Task statement: Each line in the material below must be transcribed exactly; no picture belongs in the copy.
Collected material section start
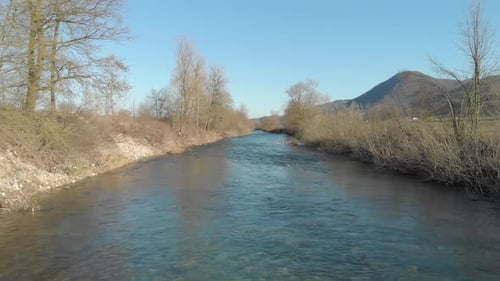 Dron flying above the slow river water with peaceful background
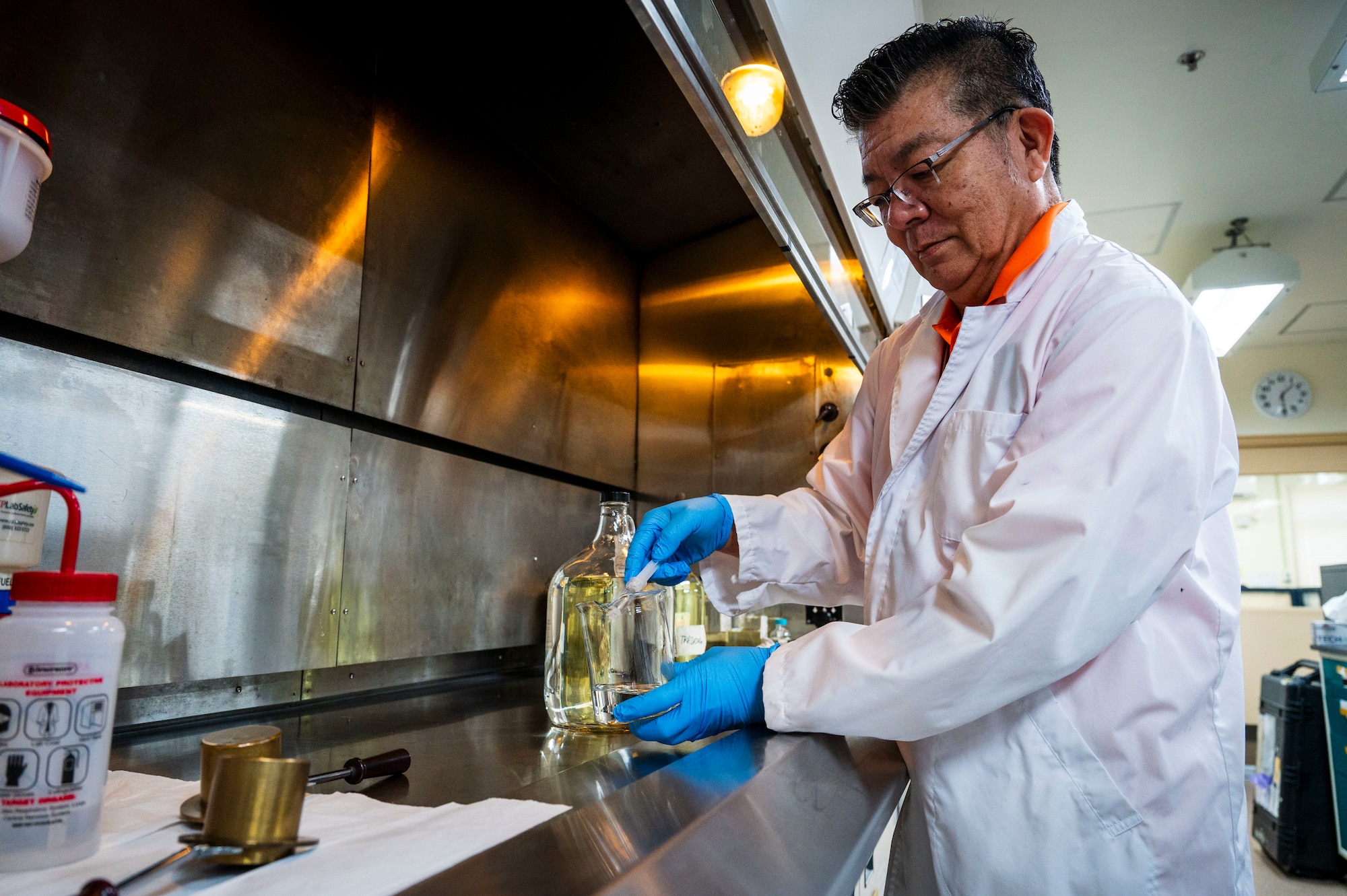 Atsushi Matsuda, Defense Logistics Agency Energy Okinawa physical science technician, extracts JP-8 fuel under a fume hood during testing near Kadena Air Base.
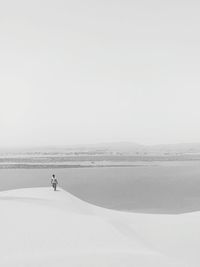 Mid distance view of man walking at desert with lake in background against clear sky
Collected material section end
Worked solution:
 Dron flying above the slow river water with peaceful background
 Atsushi Matsuda, Defense Logistics Agency Energy Okinawa physical science technician, extracts JP-8 fuel under a fume hood during testing near Kadena Air Base.
 Mid distance view of man walking at desert with lake in background against clear sky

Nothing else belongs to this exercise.